Conley got the first tip from a school bus driver who knew how much diesel her Blue Bird used, and how much the school said she used. The same driver suggested that he talk to a lady who worked in the high school cafeteria, about food costs. The anecdotal information had been confusing, but suggestive. Then Conley stole a confidential school budget document that made it all perfectly clear.
He was thinking about the document as he puffed along Highway A, going west out of Trippton, the night after the school board meeting. He’d started running every night, because it was one thing he’d once done well. He was now twenty pounds overweight, but had been forty pounds overweight at his forty-fifth birthday. The discovery of the school board embezzlement had stirred some of the original journalistic vinegar in Conley’s veins. He’d stopped drinking, mostly, and didn’t do speed more than twice a week. His weight was down, his brain was clearer.

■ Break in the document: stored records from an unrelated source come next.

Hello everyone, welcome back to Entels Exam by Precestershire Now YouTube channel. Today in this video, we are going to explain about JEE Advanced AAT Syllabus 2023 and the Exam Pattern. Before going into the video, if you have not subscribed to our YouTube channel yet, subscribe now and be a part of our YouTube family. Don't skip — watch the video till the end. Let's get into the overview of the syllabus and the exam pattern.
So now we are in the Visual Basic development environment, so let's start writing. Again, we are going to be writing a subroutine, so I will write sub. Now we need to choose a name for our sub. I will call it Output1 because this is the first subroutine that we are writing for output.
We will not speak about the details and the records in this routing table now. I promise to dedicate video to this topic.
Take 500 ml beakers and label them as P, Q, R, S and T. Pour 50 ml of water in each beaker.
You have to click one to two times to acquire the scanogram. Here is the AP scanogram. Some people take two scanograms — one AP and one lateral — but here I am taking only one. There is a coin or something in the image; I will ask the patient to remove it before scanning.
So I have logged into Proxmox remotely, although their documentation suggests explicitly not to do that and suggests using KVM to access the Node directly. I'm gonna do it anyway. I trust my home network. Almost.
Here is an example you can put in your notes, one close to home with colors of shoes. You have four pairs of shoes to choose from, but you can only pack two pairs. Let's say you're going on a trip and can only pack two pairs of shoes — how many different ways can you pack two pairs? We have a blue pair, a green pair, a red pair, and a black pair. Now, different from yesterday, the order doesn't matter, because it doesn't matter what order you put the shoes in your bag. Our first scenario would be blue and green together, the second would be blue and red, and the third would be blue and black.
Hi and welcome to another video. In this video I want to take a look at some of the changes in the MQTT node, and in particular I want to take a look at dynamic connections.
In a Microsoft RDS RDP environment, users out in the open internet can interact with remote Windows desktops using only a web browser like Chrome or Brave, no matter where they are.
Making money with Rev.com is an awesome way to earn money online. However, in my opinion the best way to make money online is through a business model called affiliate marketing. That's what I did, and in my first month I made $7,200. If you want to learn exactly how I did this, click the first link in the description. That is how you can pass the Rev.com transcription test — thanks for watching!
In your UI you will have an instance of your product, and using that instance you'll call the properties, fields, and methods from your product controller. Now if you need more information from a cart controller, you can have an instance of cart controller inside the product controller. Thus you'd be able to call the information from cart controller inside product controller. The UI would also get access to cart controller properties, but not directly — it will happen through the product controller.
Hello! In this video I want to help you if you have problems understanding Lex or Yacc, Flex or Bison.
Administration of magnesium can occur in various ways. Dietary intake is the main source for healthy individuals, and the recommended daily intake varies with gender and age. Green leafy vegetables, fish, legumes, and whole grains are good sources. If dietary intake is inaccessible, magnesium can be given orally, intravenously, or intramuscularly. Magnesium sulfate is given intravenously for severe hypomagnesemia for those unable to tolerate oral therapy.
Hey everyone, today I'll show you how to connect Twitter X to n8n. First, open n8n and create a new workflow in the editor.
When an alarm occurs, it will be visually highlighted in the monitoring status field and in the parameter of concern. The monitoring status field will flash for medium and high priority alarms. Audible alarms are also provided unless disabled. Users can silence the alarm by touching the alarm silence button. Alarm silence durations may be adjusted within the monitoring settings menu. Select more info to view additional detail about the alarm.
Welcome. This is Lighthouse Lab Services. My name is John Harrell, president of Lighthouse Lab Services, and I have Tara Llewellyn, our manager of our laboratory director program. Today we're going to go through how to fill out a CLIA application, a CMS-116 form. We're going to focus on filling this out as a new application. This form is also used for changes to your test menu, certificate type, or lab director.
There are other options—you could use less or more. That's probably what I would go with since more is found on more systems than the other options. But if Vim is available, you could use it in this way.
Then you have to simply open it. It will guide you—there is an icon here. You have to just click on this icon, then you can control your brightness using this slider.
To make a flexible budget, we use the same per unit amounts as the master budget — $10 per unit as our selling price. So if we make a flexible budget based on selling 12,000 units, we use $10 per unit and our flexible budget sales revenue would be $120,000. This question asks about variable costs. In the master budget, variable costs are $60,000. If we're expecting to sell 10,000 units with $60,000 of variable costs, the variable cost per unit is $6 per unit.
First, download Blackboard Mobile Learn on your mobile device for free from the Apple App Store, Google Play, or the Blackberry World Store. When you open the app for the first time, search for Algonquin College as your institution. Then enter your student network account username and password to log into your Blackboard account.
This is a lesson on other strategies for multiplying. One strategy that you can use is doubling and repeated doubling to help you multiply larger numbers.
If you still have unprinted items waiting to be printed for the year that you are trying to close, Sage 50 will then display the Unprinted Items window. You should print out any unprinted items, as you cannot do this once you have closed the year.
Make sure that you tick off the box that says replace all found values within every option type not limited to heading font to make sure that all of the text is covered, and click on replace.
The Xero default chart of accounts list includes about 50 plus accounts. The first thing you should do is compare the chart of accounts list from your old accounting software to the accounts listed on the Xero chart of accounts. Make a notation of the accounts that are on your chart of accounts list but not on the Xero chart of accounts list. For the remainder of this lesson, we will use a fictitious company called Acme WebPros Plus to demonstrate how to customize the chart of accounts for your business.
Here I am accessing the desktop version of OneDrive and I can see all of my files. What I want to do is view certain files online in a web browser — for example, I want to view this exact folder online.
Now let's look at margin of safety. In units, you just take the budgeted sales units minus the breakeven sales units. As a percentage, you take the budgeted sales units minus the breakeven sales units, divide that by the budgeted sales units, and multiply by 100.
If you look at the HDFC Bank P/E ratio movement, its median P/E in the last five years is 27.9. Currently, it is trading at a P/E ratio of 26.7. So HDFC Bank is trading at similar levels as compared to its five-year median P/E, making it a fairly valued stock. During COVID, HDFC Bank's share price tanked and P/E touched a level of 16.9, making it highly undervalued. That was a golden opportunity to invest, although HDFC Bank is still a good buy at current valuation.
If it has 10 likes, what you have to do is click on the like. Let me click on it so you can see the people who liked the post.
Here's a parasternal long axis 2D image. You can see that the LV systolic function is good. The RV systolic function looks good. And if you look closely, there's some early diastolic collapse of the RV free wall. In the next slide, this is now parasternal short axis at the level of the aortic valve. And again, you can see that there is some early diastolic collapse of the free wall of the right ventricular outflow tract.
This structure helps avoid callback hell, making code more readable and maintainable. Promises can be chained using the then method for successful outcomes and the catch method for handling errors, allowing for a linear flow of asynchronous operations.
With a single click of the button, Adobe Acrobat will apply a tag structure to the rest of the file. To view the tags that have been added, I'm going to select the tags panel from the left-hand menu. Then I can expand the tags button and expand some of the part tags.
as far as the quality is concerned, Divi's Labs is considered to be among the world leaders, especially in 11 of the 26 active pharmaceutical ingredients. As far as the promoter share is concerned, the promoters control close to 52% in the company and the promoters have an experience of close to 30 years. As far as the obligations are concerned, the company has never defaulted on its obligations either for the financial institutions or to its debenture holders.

He was even thinking that after he broke the school story, and moved to a bigger paper, he might actually start looking for something with tits. So his life was changing for the better. His biggest current problem would be explaining how he got the detailed budgetary information.
He didn’t cover the school board himself; the paper’s editor, Viking Laughton, did that. And the bare fact was, he’d broken into the school finance office on several weekend nights, cracked the finance officer’s computer, and had taken photographs of the computer screens over fifteen nerve-racking hours.
It had taken him the best part of six months, and two more break-ins, to winkle out all the details. He’d then confided the findings to Viking “Vike” Laughton, the fat man who owned the newspaper.
Vike had been astonished: “I never saw it in them. They must be taking out a hundred thousand dollars a year, each of them.”
“Something like that,” Conley agreed.
Vike told him to keep it all top secret. “This here’s a Pulitzer Prize, boy, if we play it just right,” he said, slapping his hands on printouts of the budget documents.
Vike suggested Jennifer Houser as the one likeliest to turn on the others—he’d been covering the school board himself, for years, and was familiar with all the members.
Conley had finally gotten to Houser just that afternoon.